* _Collected data_:
◆ ◆ ◆ ◆ ◆ ◆ ◆

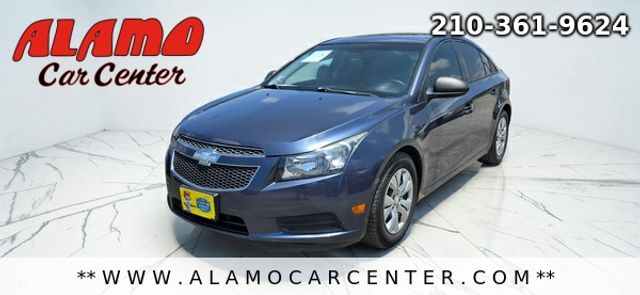 2013 Chevrolet Cruze LS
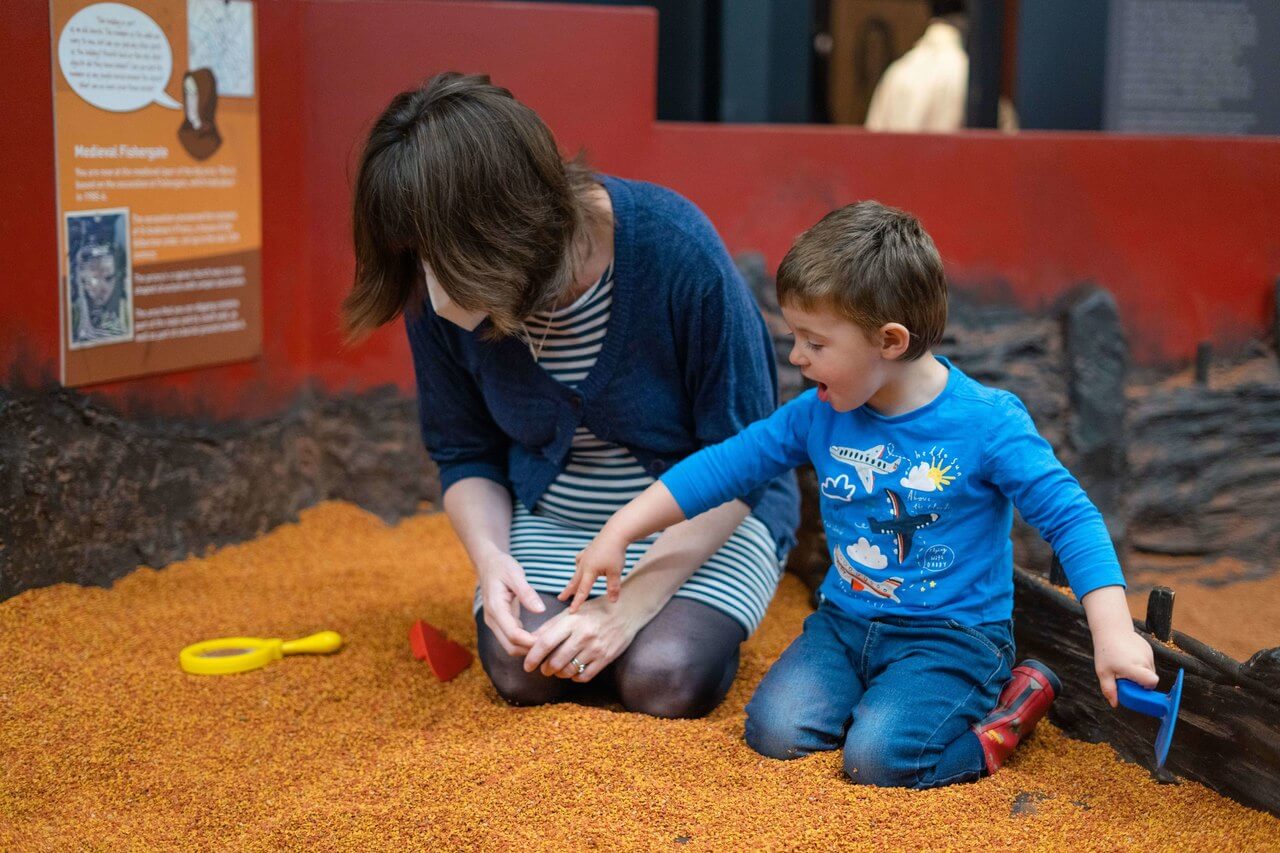 Delve into Archeology at DIG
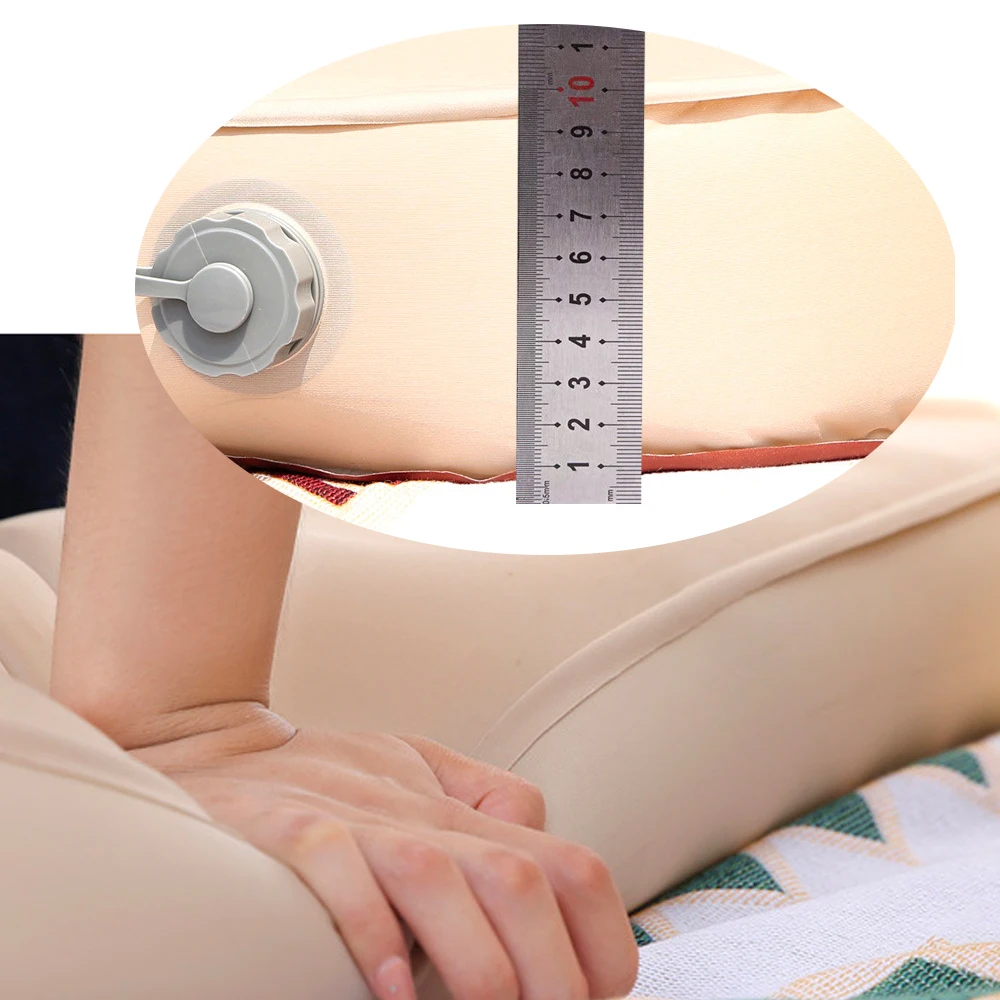 1P Foam self-inflating air mat 4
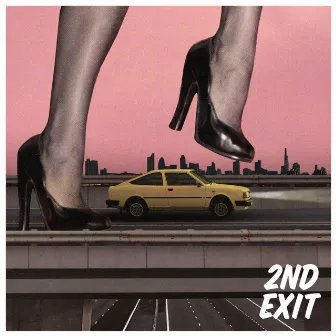 2nd Exit by Alfa Mist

◆ ◆ ◆ ◆ ◆ ◆ ◆

* _Instructions to follow_: Every line between the one containing "1P Foam self-inflating air mat 4" and the last line of the data above, both included, should be copied exactly, but not the pictures.

* _Exercise result_:
 1P Foam self-inflating air mat 4
 2nd Exit by Alfa Mist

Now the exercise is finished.